Rusty, poster-covered, on an unlovely section of Parisian road outside La Santé prison, this construction isn't much competition for Notre Dame or the Eiffel Tower! However, it does have its own interest: it's the city's last vespasienne urinal.
These public conveniences (albeit for the benefit of a male public only) really were named for the Roman emperor. Vespasian had been credited with introducing public toilets to Rome (and then imposed a urine tax!). Public urinals have since been known as vespasiani in Italy, and the name travelled to France.
While public urination was forbidden in Paris, the lack of alternatives meant it was rife in practice. Police chief Antoine de Sartine introduced 'barrels of relief' in 1770, although it would be over sixty years before screened urinals were added to the city by its prefect, the comte de Rambuteau. His political opponents dubbed these 470 conveniences 'Rambuteau columns': he responded by calling them 'Vespasian columns'. The latter name stuck.

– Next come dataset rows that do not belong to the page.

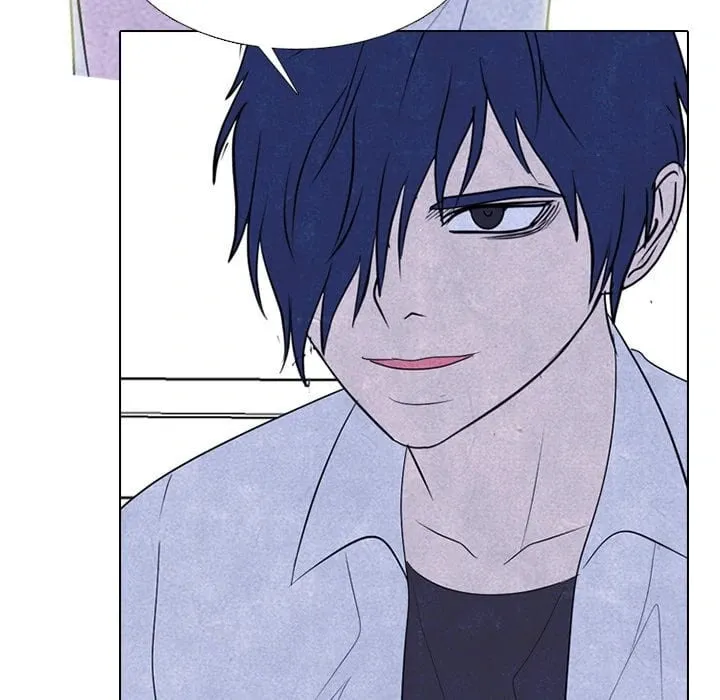High School Devil Chapter 337 page 53 - 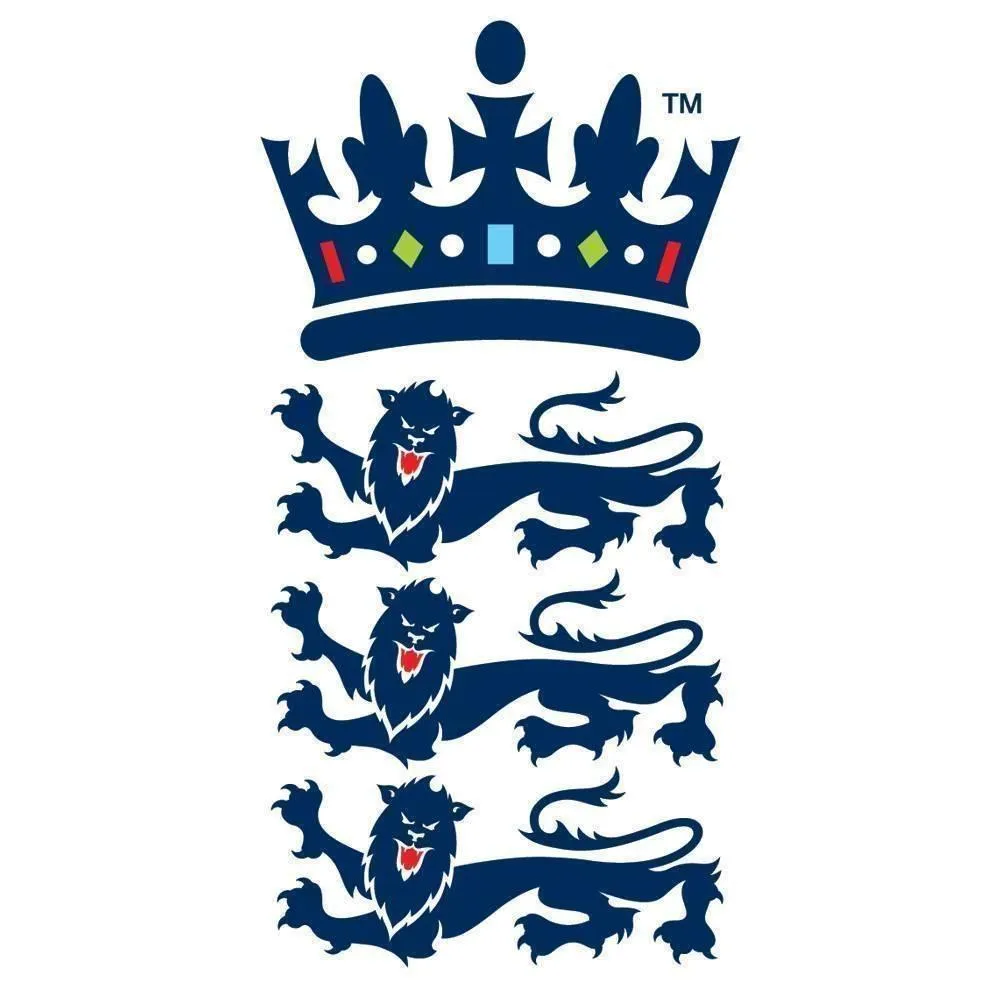 England and Wales Cricket Board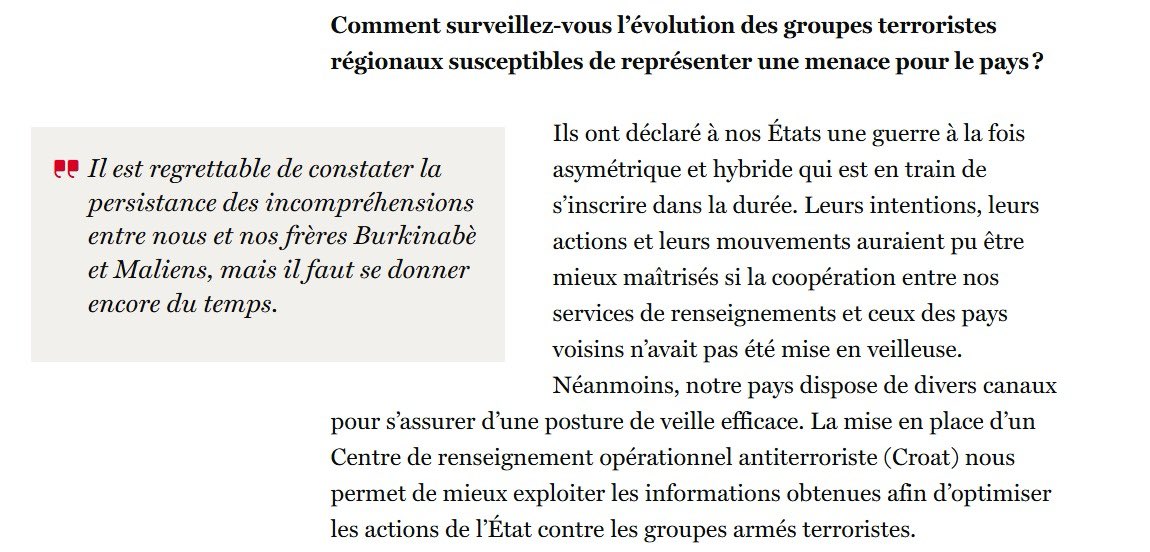 RHDP CÔTE D'IVOIRE tweet media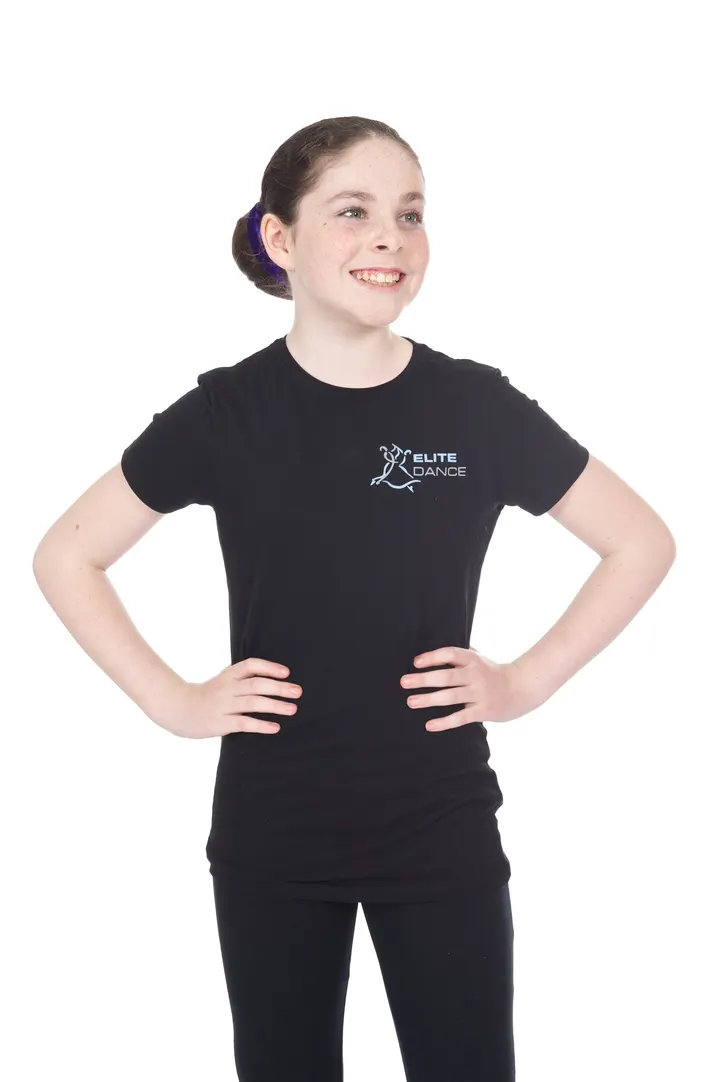Elite Dance 3D (Beehive Business — Dance in Great Baddow, Chelmsford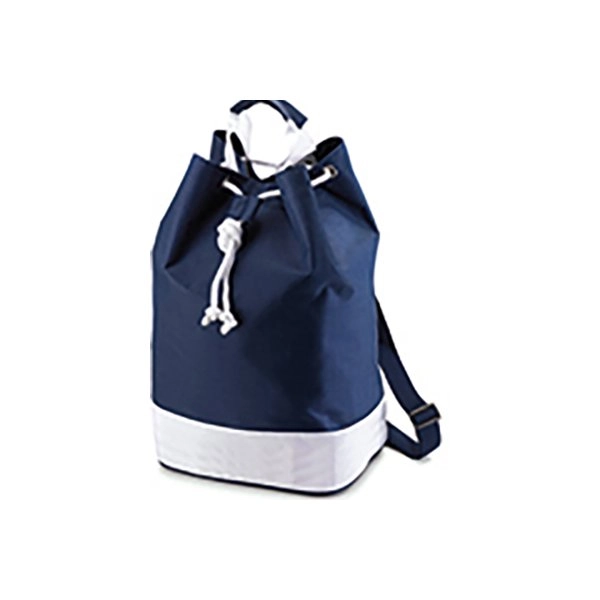 Sacca mare Ocean Breeze CAPRI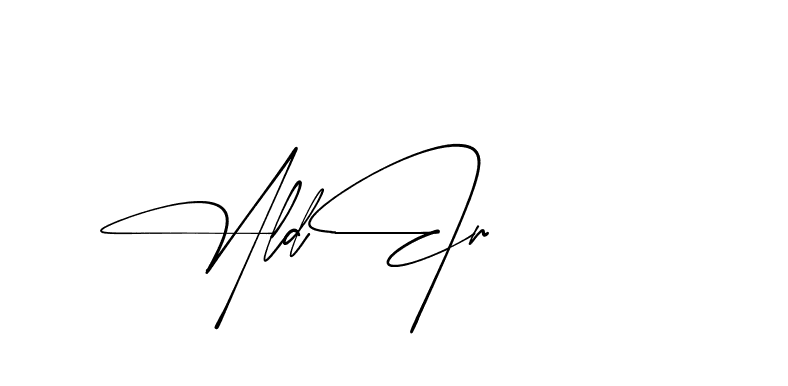 The best way (AbsolutelySilentRegular-w1mY3) to make a short signature is to pick only two or three words in your name. The name Ceard include a total of six letters. For converting this name. Ceard signature style 2 images and pictures png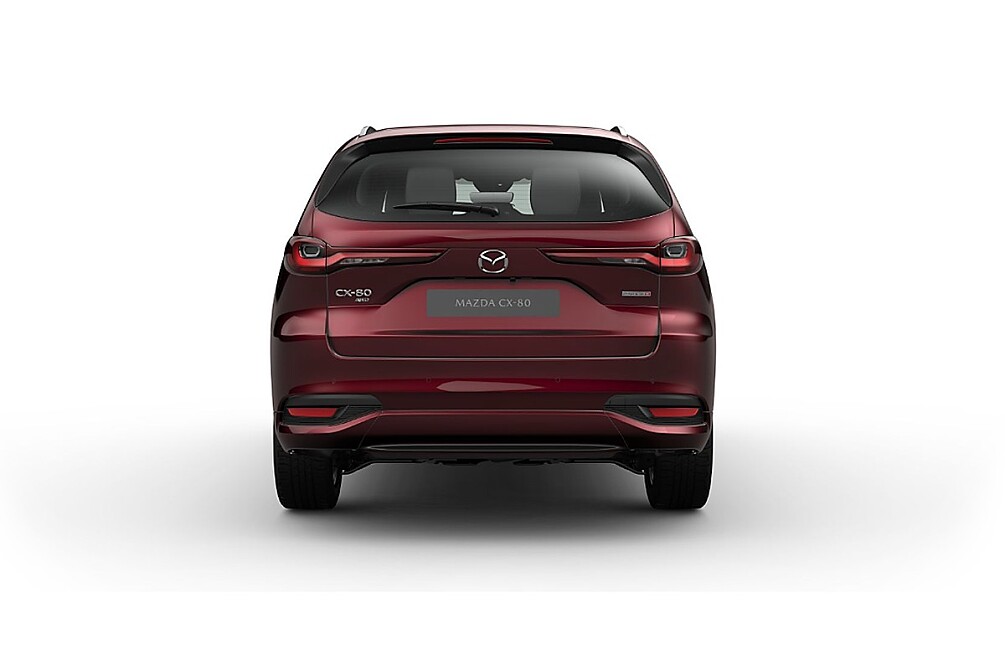 MAZDA CX-80 Homura_Artisan Red_132.jpg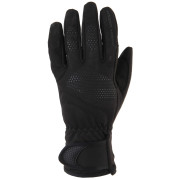 Gants Axon 665 vert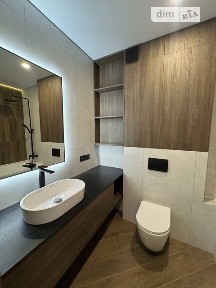 Продаж 2к квартири 85 кв. м на вул. Панаса Мирного 16/3 • ID 35025002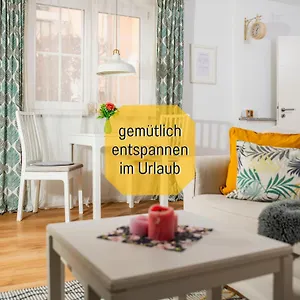 gemutlich-stylisch-10min-bis-altstadt-top-ausstattung.com-bavaria.com/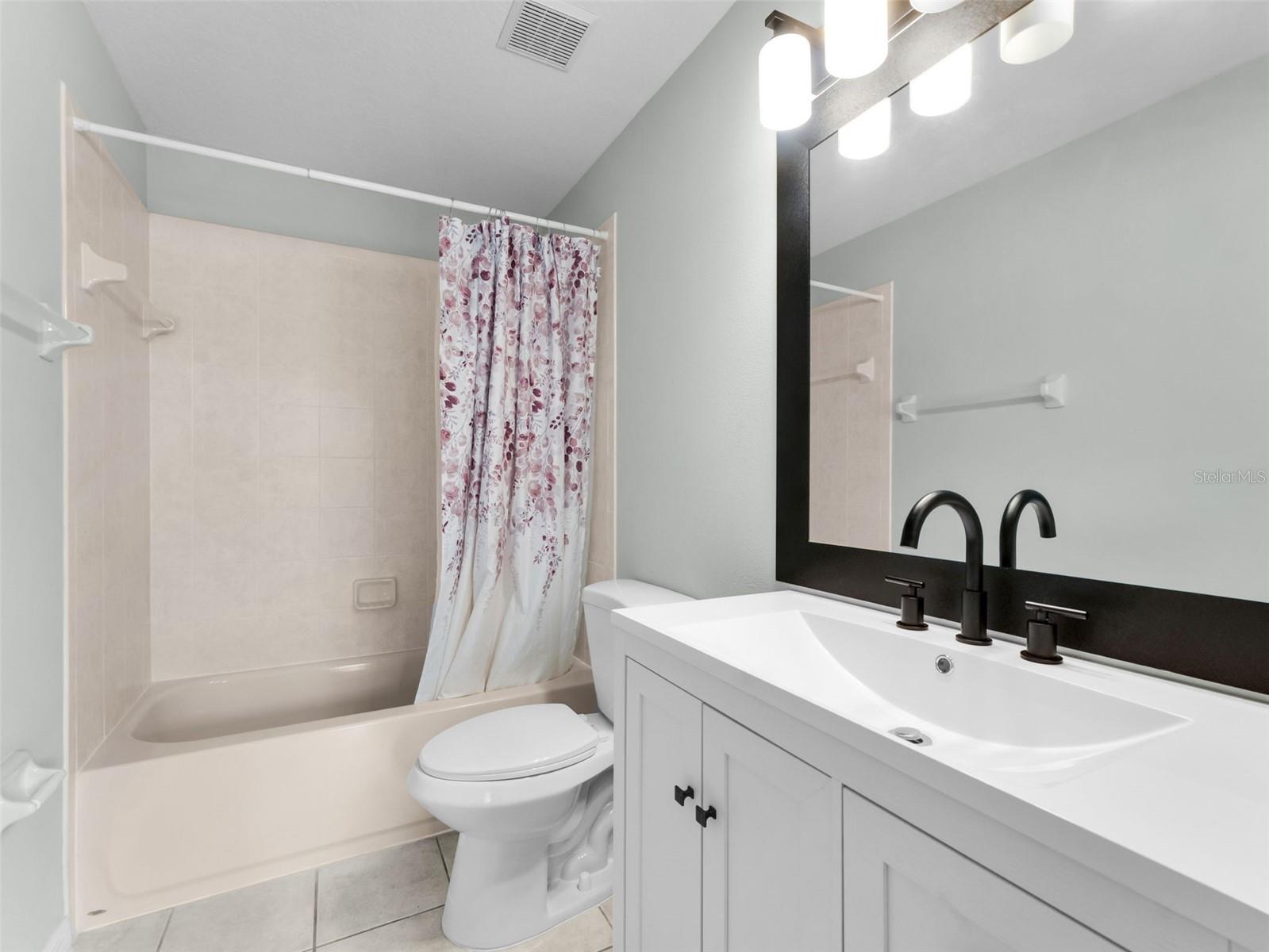 Image 20 of 36 For 8736 Eleanor Court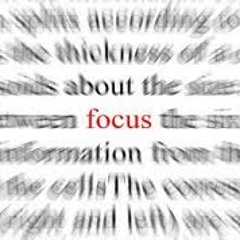 Young Simple-Stay Focused     :Prod By A Joy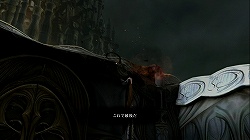 ���������꡼ No.014�Υ���ͥ������ / ���������ƥ��⤬���Ĺ񻺥��С����������TPS�μ��Ϥ䤤���ˡ���QUANTUM THEORY�פΥ���ץ�å�����Ǻ�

By the early twentieth century, there were more than a thousand urinals in Paris, but their days were numbered. In 1961, the municipal council voted for gradual removal of the vespasiennes and since 1980 their place has been taken by sanisettes, automated toilet cubicles which finally provide relief to all who need it.
There doesn't seem to be any information on why this sole example survived. Whatever the reason, it has taken on a historical interest its users in earlier decades would not have expected. And it's a rather good example, with some nice details in its cast iron panels.